Strung in both cases between those awful poles of isolation.
But now in ageing, I see clearer.
For I have inevitably been forced to finally appreciate what was so precious, what was so refined and subtle, what I had missed all along... that Sargon femininity, that ultimate image etched into my subconscious, first and lastly, the picture of my mother holding the violin playing her Paganini piece or Beethoven Romance as she won the all India violin competition, that iconic image of her in her black velvet dress, the low cut appeal of that black velvet despite her innocence, and the ability to hold both purity and seduction without loss of either, the freshness of her gaze and guilelessness.
That precious absence of manipulativeness, of deviousness, of pseudo-naiveté that I have known in encountering other women along the way. At some point, I had lost that image. Where had I forgotten this deep feeling?
That primordial image I had seen all my childhood like those Sunday afternoons with the Sargon women hugging the walls and the men with their Arabic playbeads in the middle of the large living room in Wembley. On puffs and small ottomans, speaking of world affairs and business and the women chatting on the sidelines; of pleasantries.
But those very women come back to me now as I realize that what I really needed all along, what I had been searching for without knowing it, was that precise notion of womanhood. That innocence and lack of guile, yet attraction and desire, the absence of that conflict, found only in Sargon women.
Even more so, all those women who brought out the worst in me were really a gift bringing me to this place of realization. This place of return of the past and the ancestors, the Sargon women.

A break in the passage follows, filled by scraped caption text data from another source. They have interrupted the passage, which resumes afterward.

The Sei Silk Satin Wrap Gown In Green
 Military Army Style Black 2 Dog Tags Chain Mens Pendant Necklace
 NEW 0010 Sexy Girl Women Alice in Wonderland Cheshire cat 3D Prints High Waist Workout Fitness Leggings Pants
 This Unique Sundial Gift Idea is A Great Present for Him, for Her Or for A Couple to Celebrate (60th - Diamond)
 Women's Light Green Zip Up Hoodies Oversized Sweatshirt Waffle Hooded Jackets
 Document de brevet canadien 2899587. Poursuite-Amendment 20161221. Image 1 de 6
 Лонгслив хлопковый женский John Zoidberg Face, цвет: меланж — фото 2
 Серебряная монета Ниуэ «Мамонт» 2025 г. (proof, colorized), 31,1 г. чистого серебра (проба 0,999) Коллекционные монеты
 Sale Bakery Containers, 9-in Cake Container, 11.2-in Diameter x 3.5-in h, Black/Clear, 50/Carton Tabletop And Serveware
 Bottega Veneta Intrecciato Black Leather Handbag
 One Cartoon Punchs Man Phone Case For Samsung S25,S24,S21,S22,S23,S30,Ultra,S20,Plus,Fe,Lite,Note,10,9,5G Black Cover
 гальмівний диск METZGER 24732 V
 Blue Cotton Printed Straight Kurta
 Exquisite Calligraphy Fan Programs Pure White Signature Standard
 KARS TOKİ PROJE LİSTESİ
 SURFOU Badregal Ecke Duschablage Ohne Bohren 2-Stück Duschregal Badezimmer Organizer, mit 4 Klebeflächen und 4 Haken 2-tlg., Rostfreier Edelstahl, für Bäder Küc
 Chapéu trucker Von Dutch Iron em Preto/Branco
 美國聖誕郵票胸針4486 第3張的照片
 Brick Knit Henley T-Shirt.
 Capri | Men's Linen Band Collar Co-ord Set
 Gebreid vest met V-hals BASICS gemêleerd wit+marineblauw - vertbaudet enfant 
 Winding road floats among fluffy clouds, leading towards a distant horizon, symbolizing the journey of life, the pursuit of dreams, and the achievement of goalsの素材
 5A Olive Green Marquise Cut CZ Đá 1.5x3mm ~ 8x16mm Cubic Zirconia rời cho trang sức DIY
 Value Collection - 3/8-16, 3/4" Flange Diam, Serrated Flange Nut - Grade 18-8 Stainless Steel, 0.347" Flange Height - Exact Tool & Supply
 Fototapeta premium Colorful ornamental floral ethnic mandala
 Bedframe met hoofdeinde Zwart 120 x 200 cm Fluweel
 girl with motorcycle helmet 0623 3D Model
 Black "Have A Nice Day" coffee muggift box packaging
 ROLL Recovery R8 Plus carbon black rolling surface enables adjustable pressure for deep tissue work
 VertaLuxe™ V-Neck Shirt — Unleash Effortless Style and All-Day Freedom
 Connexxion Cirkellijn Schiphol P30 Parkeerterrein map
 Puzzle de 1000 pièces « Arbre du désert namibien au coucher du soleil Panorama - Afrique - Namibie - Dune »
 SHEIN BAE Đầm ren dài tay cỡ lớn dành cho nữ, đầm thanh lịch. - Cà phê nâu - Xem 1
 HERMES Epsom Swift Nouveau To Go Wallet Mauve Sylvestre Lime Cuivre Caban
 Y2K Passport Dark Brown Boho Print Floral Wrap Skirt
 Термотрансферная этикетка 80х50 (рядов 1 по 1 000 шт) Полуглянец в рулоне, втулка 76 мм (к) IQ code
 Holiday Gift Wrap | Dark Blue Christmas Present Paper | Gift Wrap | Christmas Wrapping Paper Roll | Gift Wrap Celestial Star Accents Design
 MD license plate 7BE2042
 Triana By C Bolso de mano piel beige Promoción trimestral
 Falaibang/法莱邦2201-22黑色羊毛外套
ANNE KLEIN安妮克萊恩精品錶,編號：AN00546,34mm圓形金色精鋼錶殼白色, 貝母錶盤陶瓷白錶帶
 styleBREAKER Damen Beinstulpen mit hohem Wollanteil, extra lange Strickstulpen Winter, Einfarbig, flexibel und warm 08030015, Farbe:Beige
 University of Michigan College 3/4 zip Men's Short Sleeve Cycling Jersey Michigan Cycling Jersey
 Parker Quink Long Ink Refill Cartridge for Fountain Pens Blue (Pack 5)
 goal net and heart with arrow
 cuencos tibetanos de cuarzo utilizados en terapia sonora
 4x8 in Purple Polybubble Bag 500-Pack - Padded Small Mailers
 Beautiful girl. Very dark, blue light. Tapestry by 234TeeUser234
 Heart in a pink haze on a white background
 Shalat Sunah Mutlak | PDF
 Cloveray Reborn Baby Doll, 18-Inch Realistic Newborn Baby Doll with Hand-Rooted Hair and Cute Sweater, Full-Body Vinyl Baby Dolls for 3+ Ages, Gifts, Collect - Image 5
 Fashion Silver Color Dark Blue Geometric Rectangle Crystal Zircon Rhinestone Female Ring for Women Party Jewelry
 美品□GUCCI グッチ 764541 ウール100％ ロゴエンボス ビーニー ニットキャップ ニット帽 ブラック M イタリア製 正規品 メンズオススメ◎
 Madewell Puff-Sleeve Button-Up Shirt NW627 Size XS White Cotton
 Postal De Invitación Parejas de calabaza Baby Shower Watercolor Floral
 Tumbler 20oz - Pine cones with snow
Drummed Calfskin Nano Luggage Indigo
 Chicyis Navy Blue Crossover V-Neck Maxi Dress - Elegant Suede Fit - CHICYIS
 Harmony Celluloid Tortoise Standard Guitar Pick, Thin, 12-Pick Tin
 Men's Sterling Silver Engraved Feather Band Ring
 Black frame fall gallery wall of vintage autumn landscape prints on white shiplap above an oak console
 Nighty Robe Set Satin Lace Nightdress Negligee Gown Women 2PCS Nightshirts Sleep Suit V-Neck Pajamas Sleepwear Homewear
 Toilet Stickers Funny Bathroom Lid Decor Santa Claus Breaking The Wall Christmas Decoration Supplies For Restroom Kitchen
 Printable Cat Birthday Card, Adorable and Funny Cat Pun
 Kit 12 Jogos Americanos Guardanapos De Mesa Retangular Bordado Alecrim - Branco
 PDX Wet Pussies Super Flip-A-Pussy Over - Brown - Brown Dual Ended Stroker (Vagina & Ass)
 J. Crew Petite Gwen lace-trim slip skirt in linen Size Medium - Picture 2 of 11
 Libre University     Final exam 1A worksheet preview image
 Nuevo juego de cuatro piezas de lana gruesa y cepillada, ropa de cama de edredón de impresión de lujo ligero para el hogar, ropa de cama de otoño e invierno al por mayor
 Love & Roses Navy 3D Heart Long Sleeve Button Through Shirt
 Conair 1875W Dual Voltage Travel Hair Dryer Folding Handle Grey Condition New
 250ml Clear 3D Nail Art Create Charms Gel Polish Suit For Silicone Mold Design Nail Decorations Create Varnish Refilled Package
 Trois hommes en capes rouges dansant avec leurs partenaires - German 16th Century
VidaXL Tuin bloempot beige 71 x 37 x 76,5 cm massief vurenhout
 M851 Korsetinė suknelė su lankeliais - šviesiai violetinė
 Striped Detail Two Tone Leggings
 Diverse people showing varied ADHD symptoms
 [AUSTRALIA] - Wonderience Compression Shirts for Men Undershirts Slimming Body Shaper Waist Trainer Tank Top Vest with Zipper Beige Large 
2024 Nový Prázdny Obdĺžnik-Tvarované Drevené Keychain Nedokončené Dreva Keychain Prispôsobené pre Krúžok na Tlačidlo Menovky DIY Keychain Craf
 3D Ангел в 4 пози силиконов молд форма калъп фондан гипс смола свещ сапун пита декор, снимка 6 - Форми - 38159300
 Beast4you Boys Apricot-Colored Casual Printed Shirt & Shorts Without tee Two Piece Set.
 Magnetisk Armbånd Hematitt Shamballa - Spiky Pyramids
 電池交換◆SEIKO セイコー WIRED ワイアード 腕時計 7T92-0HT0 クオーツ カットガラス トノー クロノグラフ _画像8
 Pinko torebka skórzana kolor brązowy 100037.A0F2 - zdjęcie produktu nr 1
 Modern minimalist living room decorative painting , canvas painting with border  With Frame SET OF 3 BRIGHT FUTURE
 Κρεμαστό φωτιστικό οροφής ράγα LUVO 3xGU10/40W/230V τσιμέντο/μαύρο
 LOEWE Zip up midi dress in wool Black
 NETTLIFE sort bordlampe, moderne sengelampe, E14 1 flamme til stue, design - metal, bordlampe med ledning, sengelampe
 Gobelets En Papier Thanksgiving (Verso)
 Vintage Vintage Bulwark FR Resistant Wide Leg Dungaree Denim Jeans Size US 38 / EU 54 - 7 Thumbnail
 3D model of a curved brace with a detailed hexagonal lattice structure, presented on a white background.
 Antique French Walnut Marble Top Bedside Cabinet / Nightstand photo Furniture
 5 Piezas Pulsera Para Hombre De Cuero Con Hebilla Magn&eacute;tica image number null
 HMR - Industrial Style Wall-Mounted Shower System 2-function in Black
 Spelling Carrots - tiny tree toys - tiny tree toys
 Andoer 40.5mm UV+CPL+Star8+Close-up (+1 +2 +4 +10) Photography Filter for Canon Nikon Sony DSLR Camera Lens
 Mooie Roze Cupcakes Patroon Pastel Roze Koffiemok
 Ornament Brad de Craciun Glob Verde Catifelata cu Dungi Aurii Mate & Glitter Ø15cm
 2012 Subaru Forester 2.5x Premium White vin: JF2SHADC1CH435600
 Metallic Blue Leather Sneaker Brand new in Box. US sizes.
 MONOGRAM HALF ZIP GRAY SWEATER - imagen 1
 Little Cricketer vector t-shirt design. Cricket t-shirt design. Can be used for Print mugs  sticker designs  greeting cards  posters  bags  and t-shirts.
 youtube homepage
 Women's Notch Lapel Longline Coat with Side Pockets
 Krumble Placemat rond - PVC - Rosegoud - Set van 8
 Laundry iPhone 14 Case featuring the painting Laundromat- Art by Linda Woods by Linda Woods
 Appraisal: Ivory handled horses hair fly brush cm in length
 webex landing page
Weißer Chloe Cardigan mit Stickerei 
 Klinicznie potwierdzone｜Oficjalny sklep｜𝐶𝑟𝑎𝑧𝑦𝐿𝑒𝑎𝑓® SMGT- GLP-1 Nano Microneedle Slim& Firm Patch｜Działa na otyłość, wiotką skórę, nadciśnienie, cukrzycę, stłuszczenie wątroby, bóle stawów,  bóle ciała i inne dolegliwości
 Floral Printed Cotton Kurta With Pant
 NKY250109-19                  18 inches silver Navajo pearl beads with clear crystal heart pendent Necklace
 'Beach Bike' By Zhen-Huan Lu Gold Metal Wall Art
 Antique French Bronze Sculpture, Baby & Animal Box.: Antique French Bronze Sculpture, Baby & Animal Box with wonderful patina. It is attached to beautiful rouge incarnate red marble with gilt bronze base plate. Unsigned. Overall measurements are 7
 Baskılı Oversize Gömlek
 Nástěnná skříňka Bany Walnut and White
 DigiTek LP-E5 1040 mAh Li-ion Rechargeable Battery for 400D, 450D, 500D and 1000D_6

Holy sisters, mother, aunts, Becky Florence, Matilda, even Diana, Ray, Myrtle, and my beloved Nana, then nieces and daughters ... and now as I stare at my granddaughter playing, 7 months old, her coyness as she places her tiny hands on my beard inquisitively, I bask in the reflection of this knowledge that those values will continue, that I have come to peace with the mother goddess.
That my notion of Schechina has come full circle as I welcome the bride each Sabbath projecting onto her all those virtues of the eishis chayil.
Thank you for the gift of womanhood
Of innocence yet desire
Of purity with the body
With no guilt or shame
The refusal of the lacy black, but the retention of the burning and yearning desire. Thank you.